WHAT YOU HAVE TO DO » No pictures go into the copy. Write out every line below exactly.

INPUT DATA »
★ ★ ★ ★

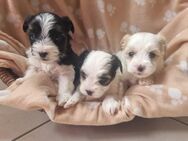 ❤️Biewer Yorkshire Terrier-Welpen ❤️(golden dust)und dreifarbig - Bad Frankenhausen (Kyffhäuser)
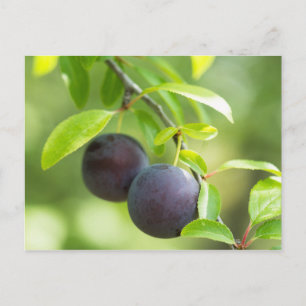 Cherry plum postkarte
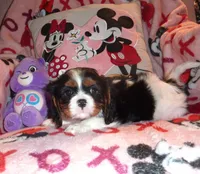 Julliette, a female Cavalier King Charles Spaniel for sale in Woonsocket, RI – Photo 1 of 4
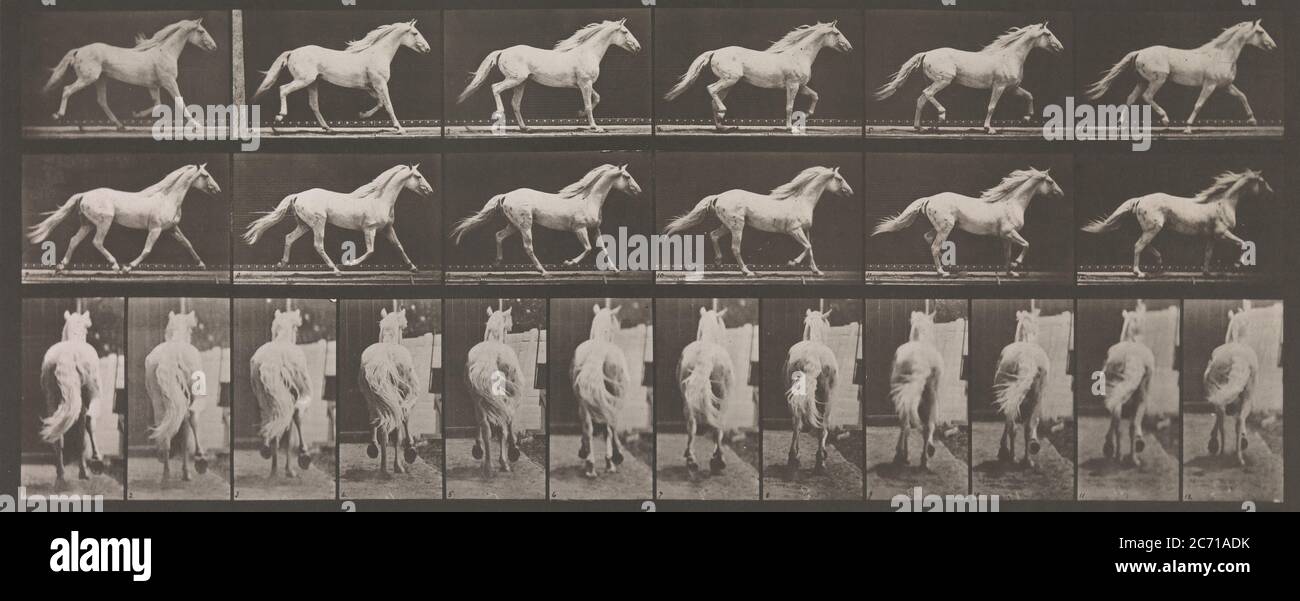 Tierhaltung. Eine elektrofotografische Untersuchung von aufeinander folgenden Phasen tierischer Bewegungen. Begonnen 1872 - Abgeschlossen 1885. Band IX, Pferde, 1880er. Stockfoto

★ ★ ★ ★

ANSWER SPACE »
 ❤️Biewer Yorkshire Terrier-Welpen ❤️(golden dust)und dreifarbig - Bad Frankenhausen (Kyffhäuser)
 Cherry plum postkarte
 Julliette, a female Cavalier King Charles Spaniel for sale in Woonsocket, RI – Photo 1 of 4
 Tierhaltung. Eine elektrofotografische Untersuchung von aufeinander folgenden Phasen tierischer Bewegungen. Begonnen 1872 - Abgeschlossen 1885. Band IX, Pferde, 1880er. Stockfoto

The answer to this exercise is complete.